Plus de 70% des seize millions d'électeurs ont participé à ces législatives organisées quatre mois après leur date initialement prévue à cause de la pandémie et qui se sont achevées à 17h00 locales (13h30 suisses), a déclaré à la presse le chef de la Commission électorale Mahinda Deshapriya.
Des mesures sanitaires avaient été prises pour tenter d'éviter de nouvelles contaminations, comme le port du masque obligatoire et la nécessité d'amener son propre stylo. Le comptage des voix commencera tôt jeudi et le résultat final de ces élections devrait être connu vendredi soir.
Amender la Constitution
Le président Gotabaya Rajapaksa et son grand frère Mahinda, actuel Premier ministre et ex-chef de l'Etat, qui a dirigé le pays d'un main de fer de 2005 à 2015, espèrent remporter une large majorité parlementaire afin d'amender la Constitution en vue d'accroître leur pouvoir.

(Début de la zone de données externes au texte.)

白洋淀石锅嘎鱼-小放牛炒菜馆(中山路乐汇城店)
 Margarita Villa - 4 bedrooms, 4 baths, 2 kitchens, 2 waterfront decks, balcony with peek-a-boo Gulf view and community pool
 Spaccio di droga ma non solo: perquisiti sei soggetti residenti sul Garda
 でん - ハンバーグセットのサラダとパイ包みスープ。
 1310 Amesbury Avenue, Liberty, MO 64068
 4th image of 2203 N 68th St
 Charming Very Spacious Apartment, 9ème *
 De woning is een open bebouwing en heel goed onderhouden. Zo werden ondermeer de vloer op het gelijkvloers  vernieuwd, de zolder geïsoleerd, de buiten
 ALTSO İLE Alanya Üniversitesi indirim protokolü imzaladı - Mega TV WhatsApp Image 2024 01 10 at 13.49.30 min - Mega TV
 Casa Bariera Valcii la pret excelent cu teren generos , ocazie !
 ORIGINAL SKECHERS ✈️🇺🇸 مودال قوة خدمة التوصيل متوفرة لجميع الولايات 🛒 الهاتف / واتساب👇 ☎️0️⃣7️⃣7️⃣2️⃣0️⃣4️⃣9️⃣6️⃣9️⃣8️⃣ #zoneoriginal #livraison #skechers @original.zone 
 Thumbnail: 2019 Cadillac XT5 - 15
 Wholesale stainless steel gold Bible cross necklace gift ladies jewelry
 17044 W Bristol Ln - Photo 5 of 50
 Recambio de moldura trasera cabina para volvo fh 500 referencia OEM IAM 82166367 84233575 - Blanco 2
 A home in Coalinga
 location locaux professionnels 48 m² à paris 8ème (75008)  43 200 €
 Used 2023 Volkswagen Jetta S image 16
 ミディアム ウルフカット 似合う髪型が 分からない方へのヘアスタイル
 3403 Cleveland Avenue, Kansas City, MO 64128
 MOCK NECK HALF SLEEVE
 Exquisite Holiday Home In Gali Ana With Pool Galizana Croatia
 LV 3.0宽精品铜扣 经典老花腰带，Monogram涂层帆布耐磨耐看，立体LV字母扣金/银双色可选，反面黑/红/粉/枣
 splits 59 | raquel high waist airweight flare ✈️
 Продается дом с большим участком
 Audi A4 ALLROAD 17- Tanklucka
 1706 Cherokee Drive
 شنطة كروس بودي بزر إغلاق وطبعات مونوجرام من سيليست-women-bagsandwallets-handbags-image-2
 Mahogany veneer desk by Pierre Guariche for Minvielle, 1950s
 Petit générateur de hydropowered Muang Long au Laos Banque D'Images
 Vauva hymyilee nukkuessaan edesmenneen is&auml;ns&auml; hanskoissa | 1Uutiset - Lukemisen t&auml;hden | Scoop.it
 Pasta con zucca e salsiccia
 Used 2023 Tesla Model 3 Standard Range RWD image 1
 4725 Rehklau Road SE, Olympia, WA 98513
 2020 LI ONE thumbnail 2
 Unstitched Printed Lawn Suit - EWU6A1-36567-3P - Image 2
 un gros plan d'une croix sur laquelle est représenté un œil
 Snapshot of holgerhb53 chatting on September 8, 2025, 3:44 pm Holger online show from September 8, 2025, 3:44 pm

Les analystes pensent qu'ils auront facilement la majorité au Parlement. S'ils obtiennent les deux tiers des 225 sièges, les frères Rajapaksa pourraient revenir sur les modifications précédemment apportées à la Constitution en vue d'une décentralisation du pouvoir et qui ont limité à deux le nombre des mandats présidentiels afin d'empêcher l'émergence d'un nouvel homme fort.
Gotabaya, 71 ans, et Mahinda, 74 ans, veulent ainsi mettre fin à la limite des deux mandats présidentiels, ramener l'appareil judiciaire et policier sous leur contrôle direct et étendre leur pouvoir dynastique à une nouvelle génération du clan. «Nous allons nous retrouver avec un régime autoritaire élu», déclare à l'AFP l'analyste politique Kusal Perera.
Après cinq ans dans l'opposition, les deux frères ont fait un retour sur le devant de la scène politique insulaire avec l'élection de Gotabaya à la présidence en fin d'année dernière. Celui-ci avait mené une campagne nationaliste axée sur la sécurité dans un pays traumatisé par les attentats djihadistes de Pâques 2019, qui ont fait 279 morts.
Concentration des pouvoirs
Le nouvel élu a nommé dans la foulée le charismatique Mahinda à la tête du gouvernement. Le patriarche du clan Rajapaksa, défait dans les urnes en 2015 par une coalition d'opposants, était empêché par la Constitution actuelle de se présenter au scrutin.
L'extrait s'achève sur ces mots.